Tem tudo menos grande qualidade, mas fez já 44 anos e foi filmado com grande ternura e curiosidade. Desculpem, pois, as imperfeições e apreciem os aspectos positivos. Além de não ser “profissional”, ainda tive o azar de ter de fazer a inversão obrigatória do filme, exactamente, no momento em que o Novos Mares se aproximava e nos ultrapassou. Mesmo assim, valeu a pena.

Na viagem para a boca da Barra, passaram, por nós, traineiras, pujantes mercantéis à vela, graciosos e esbeltos moliceiros, quer à vela, quer à vara, a abarrotar com elevadas marés de moliço, bateiras berbigoeiras, para não falar de dragas e navios de carga, que não me despertam tanto a atenção.

O nevoeiro lá fora, adensava, mas, por bombordo, avistava-se, altaneiro, o nosso Farol riscado de vermelho e branco.

Pela frente, o navio, imundo, bem surrado e bem pesado (tinha sido um dos melhores anos de pesca), saúdou a população no seu silvo roufenho e profundo! Já entrou a barra e dirige-se a S. Jacinto. Eis que se lê, à popa: NOVOS MARES – AVEIRO.

Saltei para bordo.

Não tinha olhos para tanto movimento e estrafego!

Os pescadores, já bem lavados, barbeados e aperaltados, aguardavam, pelo convés, que era exíguo, para tanta tralha: sacos de lona das suas roupas, uma golpelha ou goropelha algarvia, barricas que levaram 30 litros de vinho e traziam caras, samos e línguas (a caldeirada dos pescadores), bidões de óleo, gasóleo e óleo de fígado de bacalhau (brrrr!), sessenta e seis dóris atulhados de panas, bancos, ferros, remos, forquetas, etc., distribuídos por dez pilhas, para sessenta e quatro pescadores.

Entrou para bordo o encarregado da Alfândega, que marcava os sacos, um a um, a giz vermelho.

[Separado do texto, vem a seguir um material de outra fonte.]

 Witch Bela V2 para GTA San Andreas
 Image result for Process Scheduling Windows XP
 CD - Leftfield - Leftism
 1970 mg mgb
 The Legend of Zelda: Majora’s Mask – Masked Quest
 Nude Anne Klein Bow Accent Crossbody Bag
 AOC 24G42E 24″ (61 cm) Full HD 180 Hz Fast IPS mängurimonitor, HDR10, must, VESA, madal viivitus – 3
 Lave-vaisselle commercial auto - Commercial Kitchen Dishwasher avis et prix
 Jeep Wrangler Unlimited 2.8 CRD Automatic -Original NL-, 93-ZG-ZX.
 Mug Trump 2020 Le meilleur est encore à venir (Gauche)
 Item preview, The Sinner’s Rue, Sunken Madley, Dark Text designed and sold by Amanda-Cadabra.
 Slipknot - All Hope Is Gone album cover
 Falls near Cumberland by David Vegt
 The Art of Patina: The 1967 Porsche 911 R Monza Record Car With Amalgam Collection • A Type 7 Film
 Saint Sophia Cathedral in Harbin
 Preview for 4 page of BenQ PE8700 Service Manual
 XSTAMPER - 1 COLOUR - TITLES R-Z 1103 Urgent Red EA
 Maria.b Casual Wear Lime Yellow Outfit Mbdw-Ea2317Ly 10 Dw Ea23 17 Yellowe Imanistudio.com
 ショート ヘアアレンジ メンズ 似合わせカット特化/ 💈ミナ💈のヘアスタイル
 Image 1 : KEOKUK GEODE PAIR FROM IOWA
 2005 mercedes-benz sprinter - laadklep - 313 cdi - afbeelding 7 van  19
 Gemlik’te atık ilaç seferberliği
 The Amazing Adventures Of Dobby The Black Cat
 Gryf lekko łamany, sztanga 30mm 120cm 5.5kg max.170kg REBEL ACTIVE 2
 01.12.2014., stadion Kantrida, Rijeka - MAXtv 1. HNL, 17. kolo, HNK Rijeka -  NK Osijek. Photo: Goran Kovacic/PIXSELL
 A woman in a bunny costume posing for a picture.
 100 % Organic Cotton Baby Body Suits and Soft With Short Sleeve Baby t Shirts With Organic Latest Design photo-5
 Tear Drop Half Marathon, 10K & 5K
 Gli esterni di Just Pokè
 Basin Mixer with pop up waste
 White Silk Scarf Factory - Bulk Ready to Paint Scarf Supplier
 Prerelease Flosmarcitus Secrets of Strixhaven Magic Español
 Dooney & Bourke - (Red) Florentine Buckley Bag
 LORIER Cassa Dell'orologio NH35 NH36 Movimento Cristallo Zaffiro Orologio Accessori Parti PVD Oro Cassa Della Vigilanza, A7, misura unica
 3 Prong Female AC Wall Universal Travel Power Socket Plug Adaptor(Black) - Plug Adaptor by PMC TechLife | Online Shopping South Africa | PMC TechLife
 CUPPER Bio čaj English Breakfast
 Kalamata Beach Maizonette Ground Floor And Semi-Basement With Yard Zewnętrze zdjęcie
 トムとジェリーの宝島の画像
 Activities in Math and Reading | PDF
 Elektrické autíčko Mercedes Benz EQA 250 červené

De S. Jacinto, em bateiras, chegavam famílias de pescadores, de lá naturais, para aquele forte abraço entre marido e mulher e entre pais e filhos!
O imediato, à época, Tibério Paradela, junto da escada de portaló dava andamento às diligências necessárias.
Por estibordo do navio, atracaram dois possantes mercantéis, para onde eram arriados, por um sistema de teques, os sacos já inspeccionados. Pertenciam aos pescadores que moravam em localidades cujo acesso era fácil através da ria: Murtosa, Gafanha da Encarnação, Costa-Nova, Vagueira e outras.
O Capitão, António Morais Pascoal, pomposamente fardado, localizado na asa da ponte, controlava todo o movimento do convés, assim como supervisionava manobras e alcançava o horizonte com amplitude.
Chegada a hora conveniente da maré, o rebocador procurou posição e passou ao navio o cabo de reboque.
Começara, para mim, a grande viagem de S. Jacinto até à Gafanha da Nazaré!

Avistam-se as instalações da seca, já parcialmente remodeladas.

Homens, em botes, auxiliam, a atracação do navio, à proa e à popa.
Entretanto, o guarda-livros e auxiliar entram para bordo, para procederem ao pagamento dos salários, de acordo com a informação de pescado previamente fornecida pelo capitão.
No cais, as famílias, que, entretanto se deslocaram da Barra para a Gafanha, esperavam com ansiedade, os seus entes queridos. Ei-los que começam a sair, bem preparados, aos poucos, em botes, normalmente com duas lembranças, uma em cada mão, quase sempre do mesmo género: um Cristo luzente e cintilante para a parede do quarto e uma boneca, bem vistosa, para a sua menina, de quem tinham tantas saudades!


Agradeço ao amigo Tibério Paradela que, gentilmente, me tirou algumas dúvidas, bem como ao Sr. Capitão Pascoal que, com os seus 85 anos, me foi explicando, pacientemente, ao visionar o filme, a sequência das acções. Também consegui proporcionar-lhe uns agradáveis momentos, já que não sabia da existência de tão modesto documentário!

Saboreiem-no, pois, que vale a pena, apesar de alguns evidentes defeitos!


E assim terminou a campanha de 1964 do n/m Novos Mares, com um dos melhores carregamentos!